Jack Clark

Personal information
- Full name: Jack Judge Clark
- Born: 11 April 1897 Newtown, New South Wales, Australia
- Died: 6 June 1973 (aged 76) Peakhurst, New South Wales, Australia

Playing information
- Position: Lock, Second-row
Club
| Years | Team | Pld | T | G | FG | P |
| 1919–20 | Newtown | 4 | 0 | 0 | 0 | 0 |
| 1921 | St. George | 3 | 0 | 0 | 0 | 0 |
|  | Total | 7 | 0 | 0 | 0 | 0 |
- Source: As of 30 July 2019
- Relatives: Abe Clark (brother)

= Jack Clark (rugby league) =

Australian rugby league footballer

Jack Clark (1897–1973) was an Australian professional rugby league footballer who played in the 1910s and 1920s. He played for Newtown and St. George in the New South Wales Rugby League (NSWRL) competition. Clark was a foundation player for St George playing in the club's first ever game.

==Playing career==
Clark made his first grade debut for Newtown against Balmain in Round 6 1919 at Wentworth Park.

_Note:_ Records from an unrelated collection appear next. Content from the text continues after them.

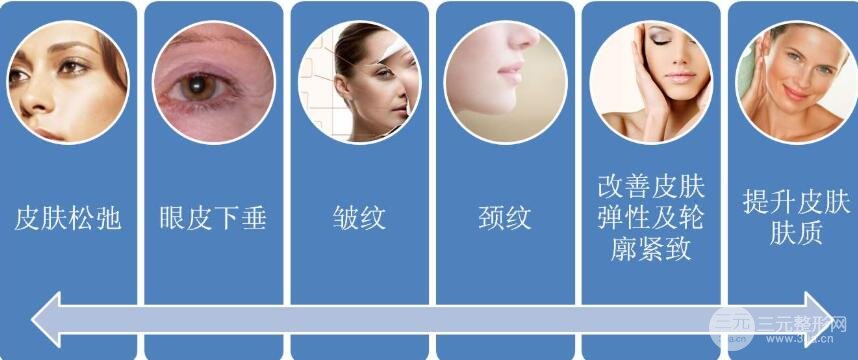 美容热玛吉的作用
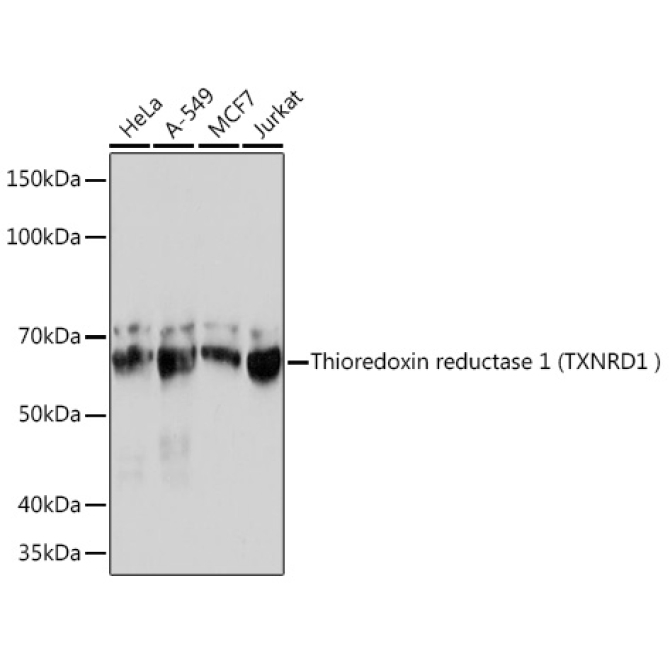 Human Thioredoxin Reductase 1/TRXR1 Rabbit Monoclonal Antibody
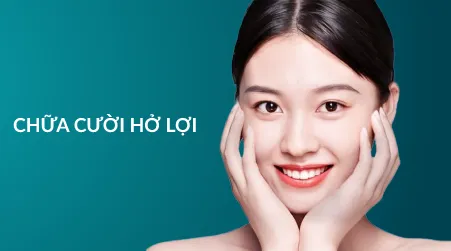 Chữa cười hở lợi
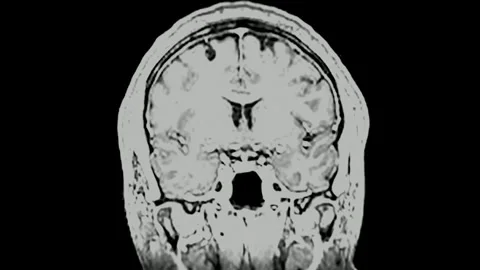 Magnetic resonance imaging MRI brain scan using magnetic field and radio waves Stock Footage 336561252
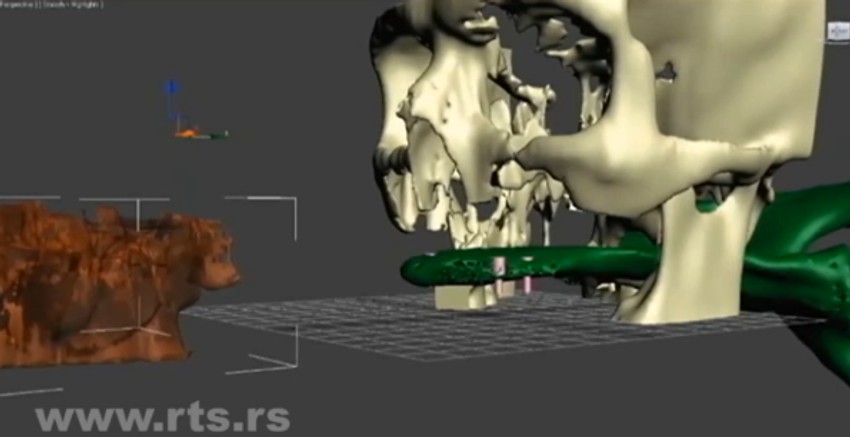 Rekonstrukcija vilice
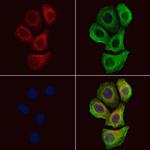 Phospho-ErbB2 (HER-2) (Tyr877) Polyclonal Antibody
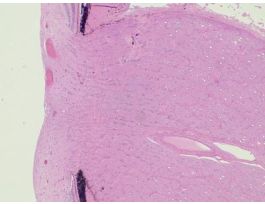 EYE-OPTICNERVEEXTRANCE (MLS)H&E(PRIMATE)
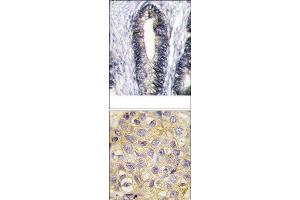 (TOP)Formalin-fixed and paraffin-embedded human breast carcinoma reacted with EphB2 Antibody (C-term), which was peroxidase-conjugated to the secondary antibody, followed by DAB staining.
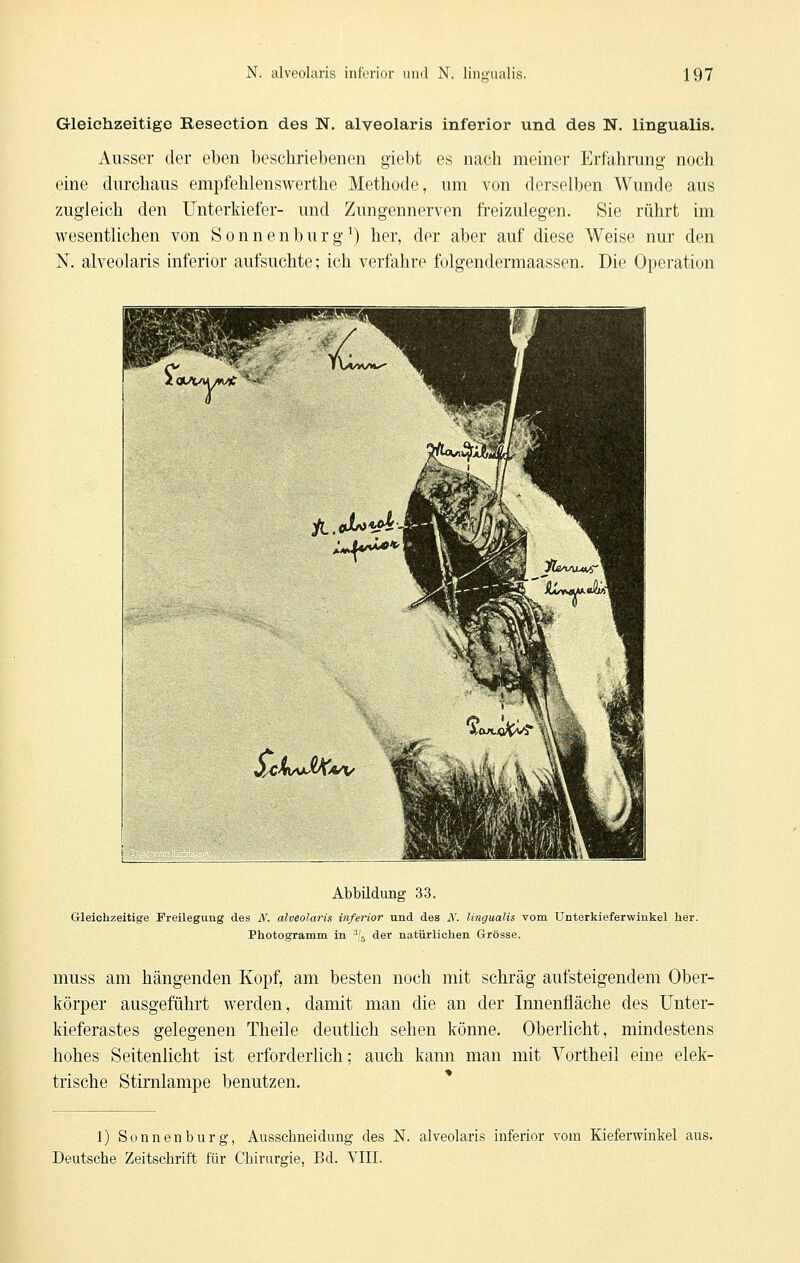 Gleichzeitige Reseotion des N. alveolaris inferior und des N. lingualis. Ausser der eben beschriebenen giebt es nach meiner Erfahrung noch eine durchaus empfehlenswerthe Methode, um von derselben Wunde aus zugleich den Unterkiefer- und Zungennerven freizulegen. Sie rührt im wesentlichen von Sonnenburg^) her, der aber auf diese Weise nur den N. alveolaris inferior aufsuchte; ich verfahre folgendermaassen. Die Operation Abbildung 33. Grleichzeitige Freilegimg des N. alveolaris inferior und des N. lingualis vom Unterkieferwinkel her. Photogramm in '/j der natürlichen Grösse. muss am hängenden Kopf, am besten noch mit schräg aufsteigendem Ober- körper ausgeführt werden, damit man die an der Innenfläche des Unter- kieferastes gelegenen Theile deutlich sehen könne. Oberlicht, mindestens hohes Seitenlicht ist erforderlich; auch kann man mit Yortheil eine elek- trische Stimlampe benutzen. 1) Sonnenburg, Ausschneidung des N. alveolaris inferior vom Kieferwinkel aus. Deutsche Zeitschrift für Chirurgie, Bd. VlII.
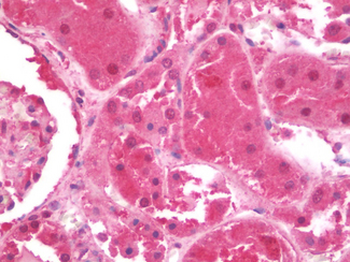 ARSB/Arylsulfatase B Antibody
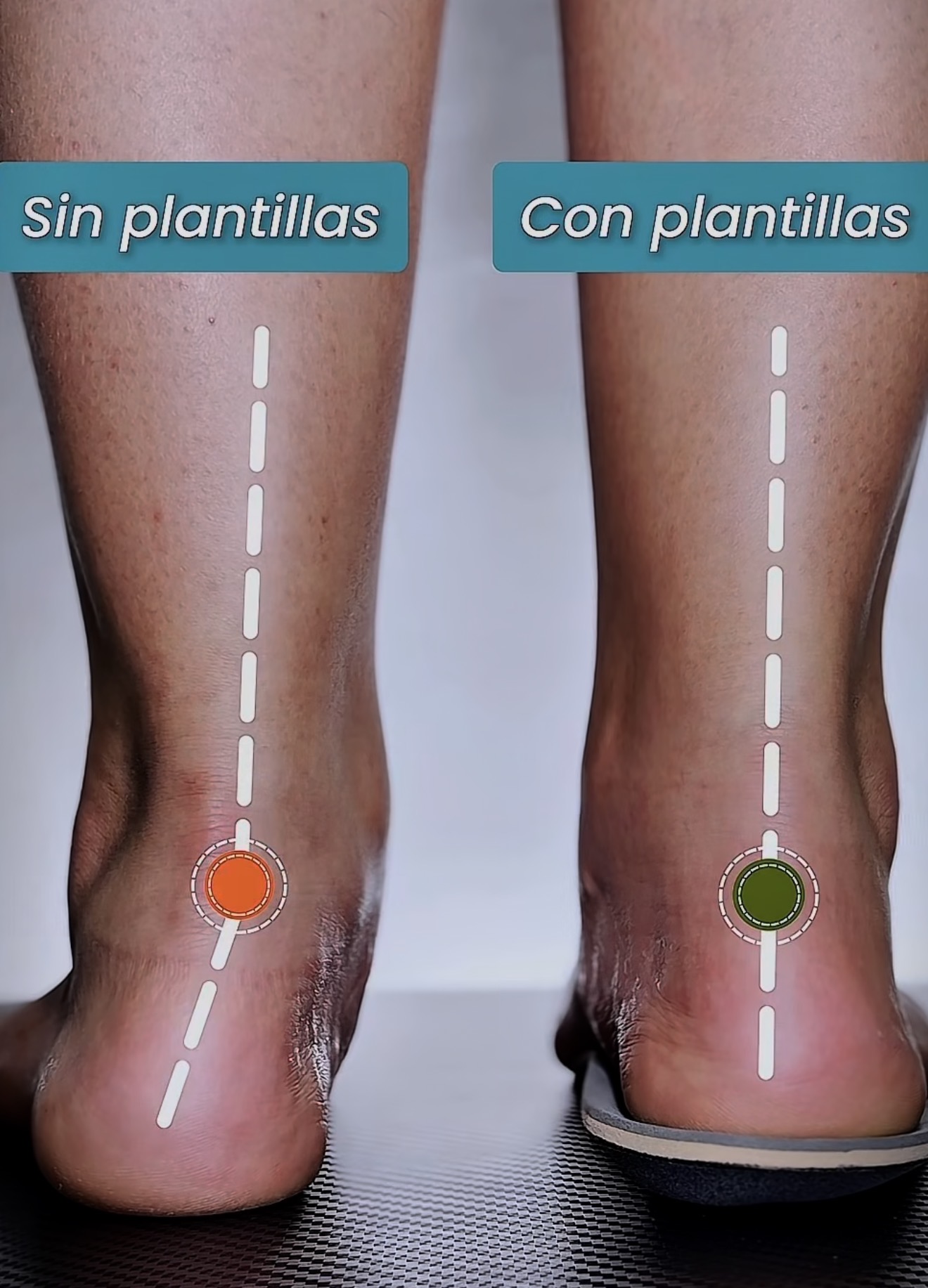 Plantillas a medida en Monte Grande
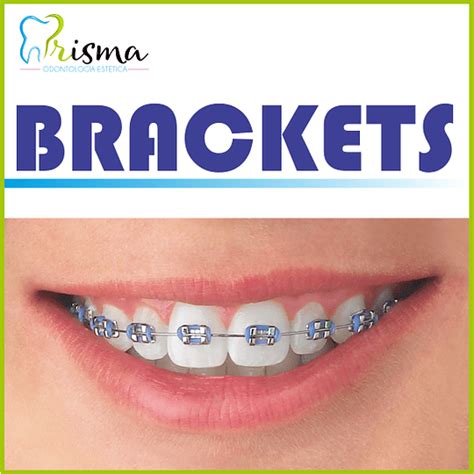 brackets metalicos cali|CLÍNICA DE ORTODONCIA CALI PRISMA.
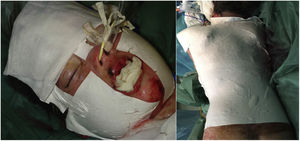 Suprathel applied over blistering lesions, wrapped with fat gauze and dry dressings, over different body surfaces in the face (left) and chest/back (right).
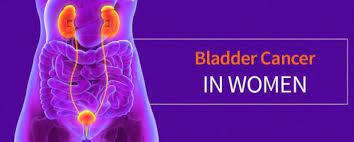 Bladder cancer can be cured when detected and treated early. What To Know About Bladder Cancer In Women Cxbladder
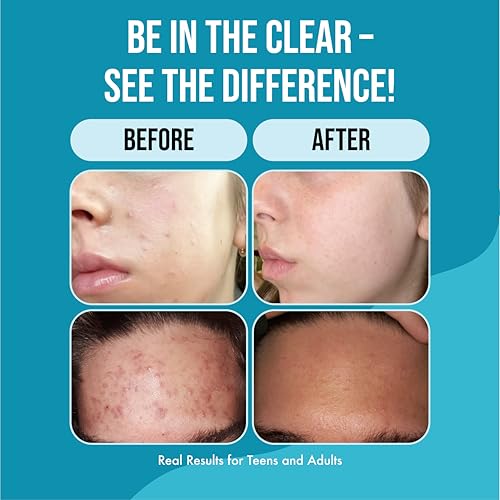 Teenology Teen Shampoo – Avoid Acne Breakouts, Non-Comedogenic, For Dry & Oily Scalps, Sulfate & Paraben Free, Natural Botanical Extracts, for Clear Skin & Healthy Hair, 16 oz – (Mint)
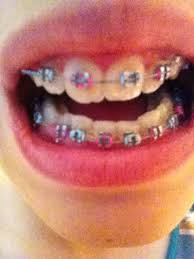 Screaming Pink And Light Blue So Cute Braces Colors Color Inspiration Color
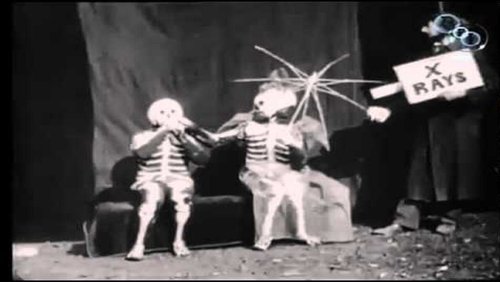 The X-Ray Fiend
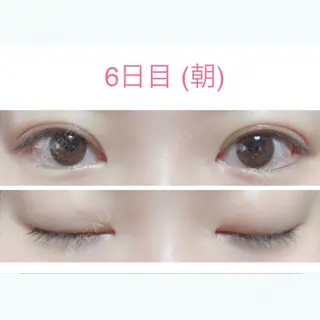 6日目の経過画像（1枚目）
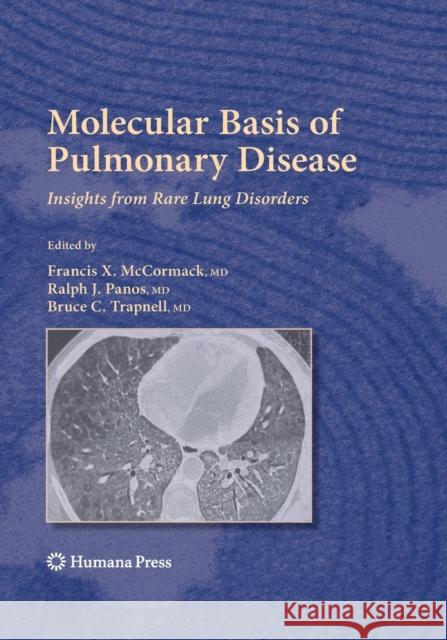 Molecular Basis of Pulmonary Disease: Insights from Rare Lung Disorders McCormack, Francis X. 9781493960811 Humana Press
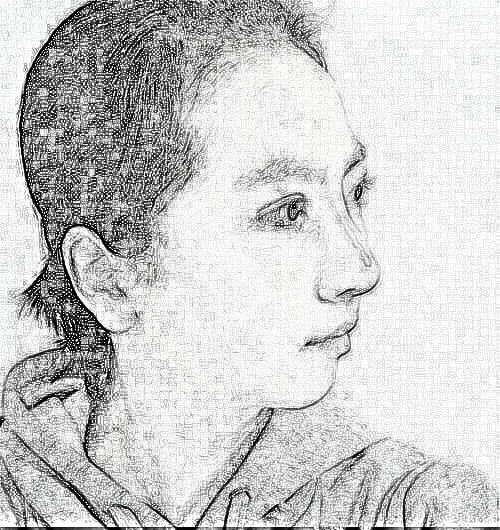 重庆美轮美奂肖倩介绍 隆鼻65天前后图分享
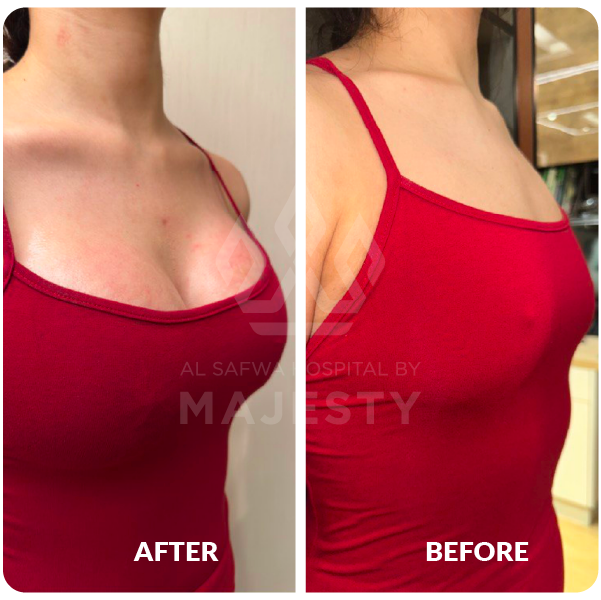 تكبير الصدر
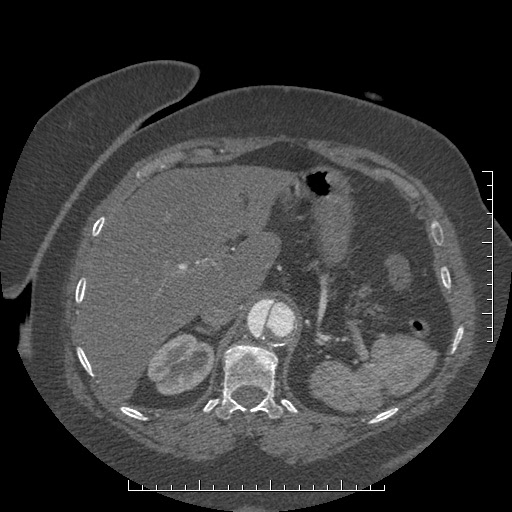 Aortic dissection- Stanford A (Radiopaedia 35729-37268 B 37).jpg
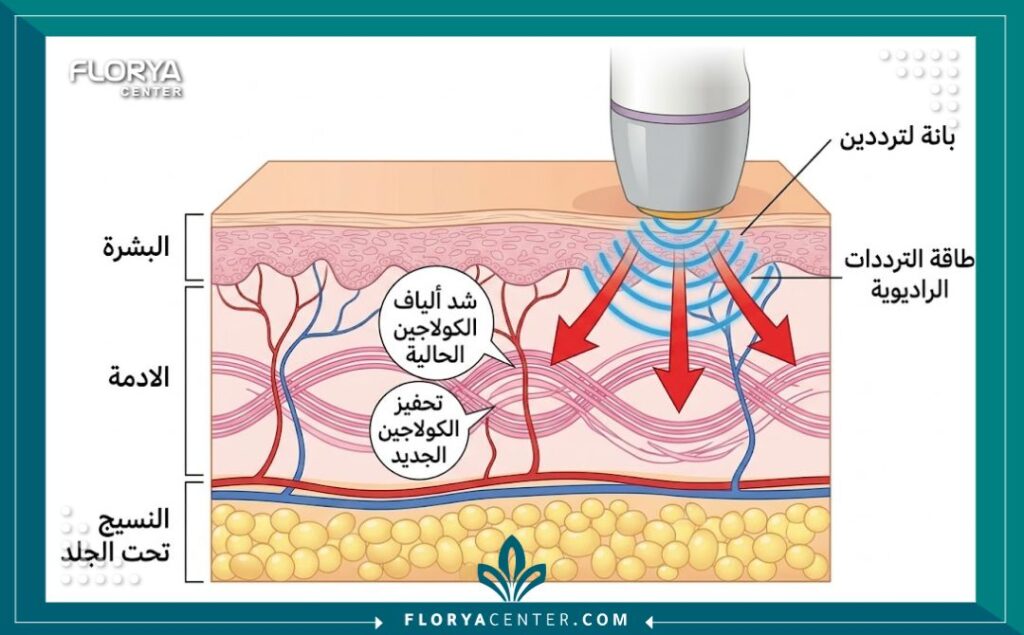 رسم تخطيطي طبي يوضح كيفية عمل تقنية الثيرماج في اختراق طبقات الجلد لتحفيز الكولاجين وشد البشرة بالترددات الراديوية.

Clark only made 4 appearances for Newtown over 2 seasons before departing to St George who had just been admitted into the competition.

Clark played for St George in the club's first ever game which was in Round 1 1921 against Glebe at the Sydney Sports Ground. Glebe went on to win the match 4–3. The game was played on April 23 Saint George's Day. Clark would make a further 2 appearances for St George in their inaugural year before departing the club at the end of 1921.

Jack Clark was the brother of another St. George Dragons foundation player, Abe Clark.